Quant aux accusés, ils soutiennent qu'un climat général de peur, de menaces et d'altercations antérieures est à l'origine de leurs actes. Ils soulignent avoir éprouvé un sentiment de crainte vis-à-vis de Walid, décrit comme un caïd réputé imprévisible et ingérable.
L'intention des agresseurs
Notre client explique à la cour et aux jurés qu'il pensait pouvoir maîtriser ses gestes et son action mais qu'il a été totalement dépassé et n'a jamais imaginé que ces coups portés pourraient avoir de telles conséquences. Cette notion « d'anticipation anxieuse », qualifiée ainsi par l'expert psychologue, a poussé l'aîné à prendre l'initiative d'une agression physique plutôt que d'en être la victime.
Le petit frère, Abdelkader, met quant à lui en avant sa volonté de protéger son frère aîné qu'il sentait fragilisé et menacé.
Une défense axée sur la personnalité des accusés
Les débats ont été l'occasion de retracer le parcours de vie et la personnalité des deux accusés. Nous avons fait constater qu'ils bénéficiaient d'assises solides et d'une éducation équilibrée. Ils réalisent au cours du procès un effort important pour la manifestation de vérité en essayant de mettre des mots sur leurs actes et leurs ressentis dans un souci manifeste de transparence.
Un tel passage à l'acte ne pouvait que nous interpeller et apparaître comme en décalage total avec les structures stables de leur personnalité. Les questions posées au chef d'enquête par la défense ont été l'occasion de mettre en avant le profil atypique de la victime dont le parcours délinquantiel était paradoxalement plus fourni et le profil psychologique plus instable que ceux des accusés.
Une plaidoirie décisive
Dans le cadre de leurs plaidoiries, Maître Plouton et Brachanet sont revenus sur le contexte de commission des faits pour faire écarter la qualification de tentative d'assassinat. Nous avons relevé notamment l'absence d'intervention d'un tiers pour mettre fin à l'agression, et souligné que notre client s'était arrêté de son propre chef sans avoir visé la moindre zone vitale.
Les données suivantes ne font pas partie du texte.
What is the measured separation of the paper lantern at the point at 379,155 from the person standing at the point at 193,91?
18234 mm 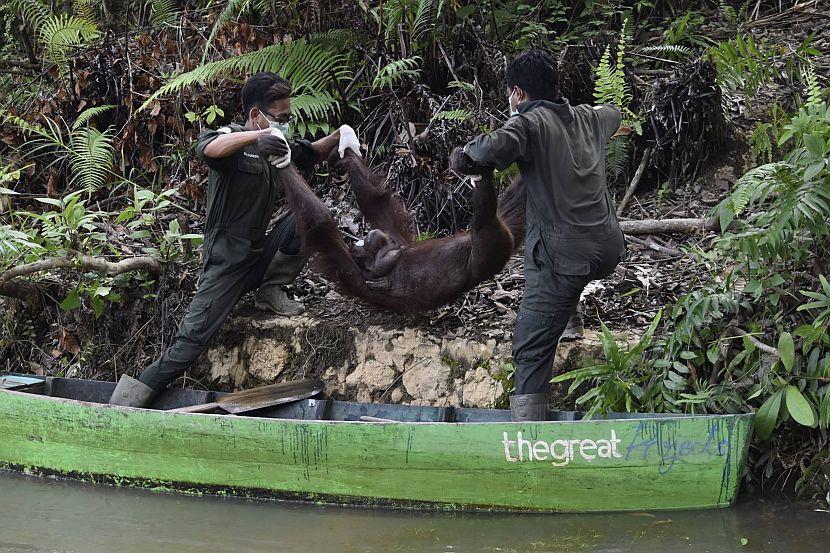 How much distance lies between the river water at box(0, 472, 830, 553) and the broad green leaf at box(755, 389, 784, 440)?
410 mm

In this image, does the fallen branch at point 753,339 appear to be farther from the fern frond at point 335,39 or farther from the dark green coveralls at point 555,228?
the fern frond at point 335,39

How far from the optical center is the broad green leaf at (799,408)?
446 cm

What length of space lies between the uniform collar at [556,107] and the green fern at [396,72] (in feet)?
9.57

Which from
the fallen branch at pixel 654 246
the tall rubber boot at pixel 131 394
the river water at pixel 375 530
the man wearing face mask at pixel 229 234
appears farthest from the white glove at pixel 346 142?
the river water at pixel 375 530

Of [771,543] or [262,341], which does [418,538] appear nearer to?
[771,543]

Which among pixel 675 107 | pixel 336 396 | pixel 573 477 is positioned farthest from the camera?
pixel 675 107

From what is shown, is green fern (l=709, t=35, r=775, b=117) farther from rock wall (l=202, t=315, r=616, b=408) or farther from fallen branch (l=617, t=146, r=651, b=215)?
rock wall (l=202, t=315, r=616, b=408)

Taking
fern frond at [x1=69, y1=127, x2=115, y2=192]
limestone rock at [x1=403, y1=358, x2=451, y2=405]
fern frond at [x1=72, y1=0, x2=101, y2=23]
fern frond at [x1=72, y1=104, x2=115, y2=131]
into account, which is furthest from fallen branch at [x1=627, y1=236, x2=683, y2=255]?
fern frond at [x1=72, y1=0, x2=101, y2=23]

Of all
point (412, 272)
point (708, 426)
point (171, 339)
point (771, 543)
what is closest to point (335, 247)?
point (412, 272)

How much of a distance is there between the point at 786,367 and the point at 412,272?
7.45 feet

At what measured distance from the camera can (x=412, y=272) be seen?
5840 millimetres

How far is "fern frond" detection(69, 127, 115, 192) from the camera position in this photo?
A: 8.01 metres

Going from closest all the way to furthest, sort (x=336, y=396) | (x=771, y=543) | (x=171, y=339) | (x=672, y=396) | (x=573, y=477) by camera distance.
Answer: (x=771, y=543) < (x=573, y=477) < (x=672, y=396) < (x=336, y=396) < (x=171, y=339)

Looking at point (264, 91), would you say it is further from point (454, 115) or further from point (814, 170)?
point (814, 170) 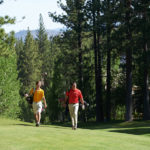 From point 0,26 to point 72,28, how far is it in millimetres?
14168

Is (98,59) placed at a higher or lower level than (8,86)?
higher

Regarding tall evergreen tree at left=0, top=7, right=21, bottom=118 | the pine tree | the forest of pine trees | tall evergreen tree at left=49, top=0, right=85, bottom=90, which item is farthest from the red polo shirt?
the pine tree

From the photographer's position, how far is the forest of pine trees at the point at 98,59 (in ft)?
107

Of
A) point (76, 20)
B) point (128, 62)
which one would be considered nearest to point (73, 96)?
point (128, 62)

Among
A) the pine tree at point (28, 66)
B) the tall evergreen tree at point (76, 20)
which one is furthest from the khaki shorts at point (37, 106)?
the pine tree at point (28, 66)

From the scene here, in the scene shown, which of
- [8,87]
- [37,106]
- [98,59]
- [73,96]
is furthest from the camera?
[98,59]

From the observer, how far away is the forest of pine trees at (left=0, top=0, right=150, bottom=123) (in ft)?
107

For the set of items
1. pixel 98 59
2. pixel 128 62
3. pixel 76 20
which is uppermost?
pixel 76 20

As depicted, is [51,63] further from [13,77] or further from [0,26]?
[0,26]

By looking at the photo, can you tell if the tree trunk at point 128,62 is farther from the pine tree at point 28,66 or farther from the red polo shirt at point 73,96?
the pine tree at point 28,66

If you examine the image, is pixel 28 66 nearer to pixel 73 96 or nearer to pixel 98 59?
pixel 98 59

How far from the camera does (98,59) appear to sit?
42.8m

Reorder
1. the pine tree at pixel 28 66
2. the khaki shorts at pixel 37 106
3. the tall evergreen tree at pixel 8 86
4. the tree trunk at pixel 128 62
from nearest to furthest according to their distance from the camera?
the khaki shorts at pixel 37 106 < the tree trunk at pixel 128 62 < the tall evergreen tree at pixel 8 86 < the pine tree at pixel 28 66

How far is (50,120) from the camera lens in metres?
59.5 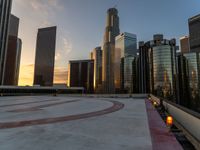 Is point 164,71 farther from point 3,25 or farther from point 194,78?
point 3,25

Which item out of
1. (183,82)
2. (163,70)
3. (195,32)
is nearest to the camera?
(163,70)

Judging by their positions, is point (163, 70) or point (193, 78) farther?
point (193, 78)

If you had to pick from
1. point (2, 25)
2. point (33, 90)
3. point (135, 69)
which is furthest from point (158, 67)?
point (2, 25)

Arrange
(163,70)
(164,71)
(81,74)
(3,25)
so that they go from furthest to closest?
(81,74) < (3,25) < (163,70) < (164,71)

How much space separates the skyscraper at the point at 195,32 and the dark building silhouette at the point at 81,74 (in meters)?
112

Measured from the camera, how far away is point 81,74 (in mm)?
193250

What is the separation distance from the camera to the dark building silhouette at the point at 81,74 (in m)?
190

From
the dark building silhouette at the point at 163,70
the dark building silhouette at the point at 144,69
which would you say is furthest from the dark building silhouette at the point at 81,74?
the dark building silhouette at the point at 163,70

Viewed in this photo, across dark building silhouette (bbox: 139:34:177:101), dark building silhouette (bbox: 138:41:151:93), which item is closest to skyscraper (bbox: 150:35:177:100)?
dark building silhouette (bbox: 139:34:177:101)

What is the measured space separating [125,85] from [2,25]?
3776 inches

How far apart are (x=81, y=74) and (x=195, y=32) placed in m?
129

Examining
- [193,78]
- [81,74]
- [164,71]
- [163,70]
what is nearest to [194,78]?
[193,78]

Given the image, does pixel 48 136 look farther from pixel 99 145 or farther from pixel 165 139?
pixel 165 139

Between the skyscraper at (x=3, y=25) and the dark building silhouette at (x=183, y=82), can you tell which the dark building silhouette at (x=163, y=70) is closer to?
the dark building silhouette at (x=183, y=82) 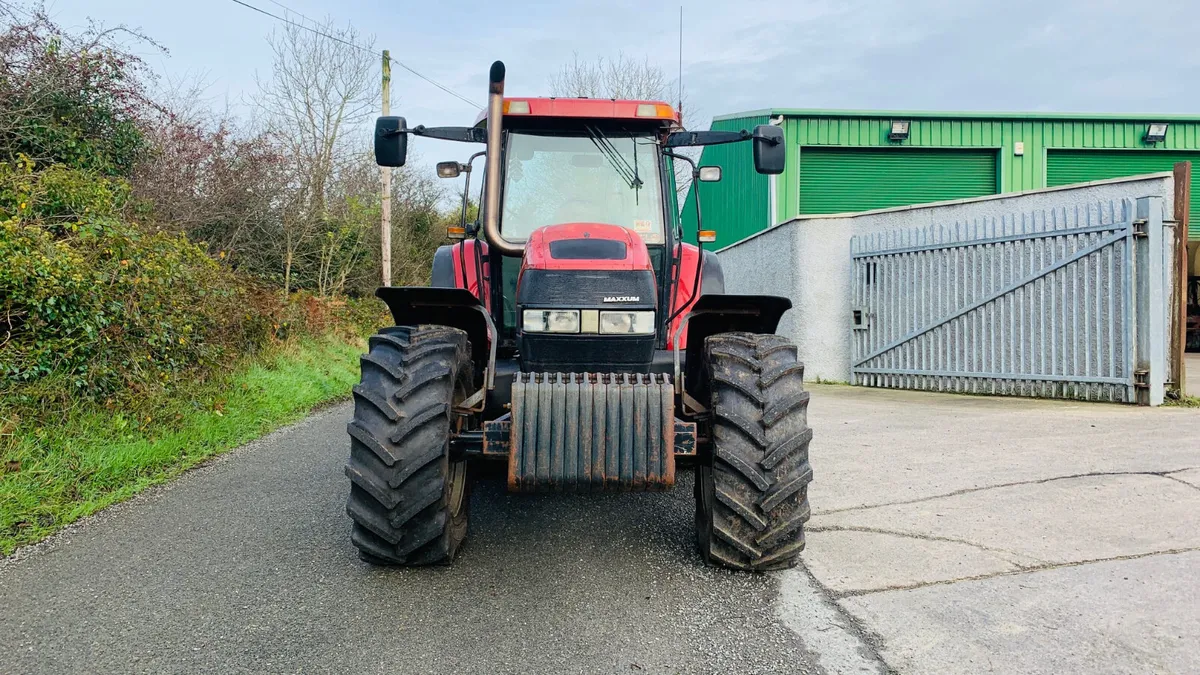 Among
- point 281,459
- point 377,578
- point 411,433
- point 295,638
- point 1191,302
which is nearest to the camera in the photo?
point 295,638

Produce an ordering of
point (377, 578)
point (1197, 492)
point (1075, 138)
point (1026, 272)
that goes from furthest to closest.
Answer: point (1075, 138) < point (1026, 272) < point (1197, 492) < point (377, 578)

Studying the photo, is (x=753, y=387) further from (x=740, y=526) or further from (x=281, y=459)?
(x=281, y=459)

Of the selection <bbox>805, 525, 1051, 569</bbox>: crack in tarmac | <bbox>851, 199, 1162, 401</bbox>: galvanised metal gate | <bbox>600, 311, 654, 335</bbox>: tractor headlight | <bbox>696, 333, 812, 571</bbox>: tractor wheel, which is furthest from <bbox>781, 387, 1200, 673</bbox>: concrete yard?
<bbox>600, 311, 654, 335</bbox>: tractor headlight

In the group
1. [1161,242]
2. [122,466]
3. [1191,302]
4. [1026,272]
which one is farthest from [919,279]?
[1191,302]

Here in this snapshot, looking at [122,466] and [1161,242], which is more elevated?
[1161,242]

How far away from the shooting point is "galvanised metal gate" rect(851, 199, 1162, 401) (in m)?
7.33

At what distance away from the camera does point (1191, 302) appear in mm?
17547

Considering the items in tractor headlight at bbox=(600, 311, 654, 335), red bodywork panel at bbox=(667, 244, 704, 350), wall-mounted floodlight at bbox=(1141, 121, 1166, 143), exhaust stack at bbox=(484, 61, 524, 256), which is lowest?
tractor headlight at bbox=(600, 311, 654, 335)

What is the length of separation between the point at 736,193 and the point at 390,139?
1479 cm

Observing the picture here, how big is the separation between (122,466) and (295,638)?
3.23 metres

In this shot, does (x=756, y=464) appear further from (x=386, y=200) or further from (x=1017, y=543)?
(x=386, y=200)

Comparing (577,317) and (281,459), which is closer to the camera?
(577,317)

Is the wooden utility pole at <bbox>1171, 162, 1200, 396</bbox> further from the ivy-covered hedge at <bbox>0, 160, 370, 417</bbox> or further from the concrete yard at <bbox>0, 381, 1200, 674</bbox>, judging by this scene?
the ivy-covered hedge at <bbox>0, 160, 370, 417</bbox>

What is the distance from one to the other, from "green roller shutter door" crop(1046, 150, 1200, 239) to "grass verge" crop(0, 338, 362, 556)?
15.3 metres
Il était également mis en avant l'évolution favorable de ce jeune homme dans l'optique de sa réinsertion, élément crucial dans l'appréciation de la cour.
Un verdict d'espoir
Après trois heures de délibéré, la cour d'assises acquitte les deux frères de la tentative d'assassinat. Elle les condamne pour violences ayant entraîné une infirmité permanente au vu des importantes séquelles dont souffre encore Walid s'agissant de son poignet gauche.
La cour prend manifestement en compte les arguments de la défense quant à la personnalité des accusés et le contexte des faits en rendant un verdict d'espoir : elle prononce contre les deux frères des peines de 9 et 7 ans de prison.
Les perspectives d'avenir
Il n'y a donc pas de période de sûreté attachée à ces peines qui pourront prochainement faire l'objet d'un aménagement de peine compte tenu des près de 3 années de détention provisoire effectuées par notre client.
Ce verdict permettra aux deux frères de continuer leur travail de conscientisation de leurs actes et de parfaire leurs efforts déjà importants au sein des centres de détention. Ils ont mis à profit toutes les formations professionnelles et activités qui leur ont été proposées dans l'optique d'une future réinsertion.
Notre engagement dans cette affaire
Cette affaire illustre parfaitement notre approche de la défense pénale : une analyse rigoureuse des faits, une compréhension fine de la personnalité de nos clients, et une stratégie de défense adaptée aux enjeux humains et juridiques. Nous sommes fiers d'avoir contribué à ce que la justice reconnaisse la complexité de cette affaire et rende un verdict équilibré qui ouvre des perspectives d'avenir pour nos clients.
Notre cabinet continue d'accompagner les deux frères dans leurs démarches de réinsertion, convaincus que ce verdict d'espoir leur permettra de se reconstruire et de contribuer positivement à la société.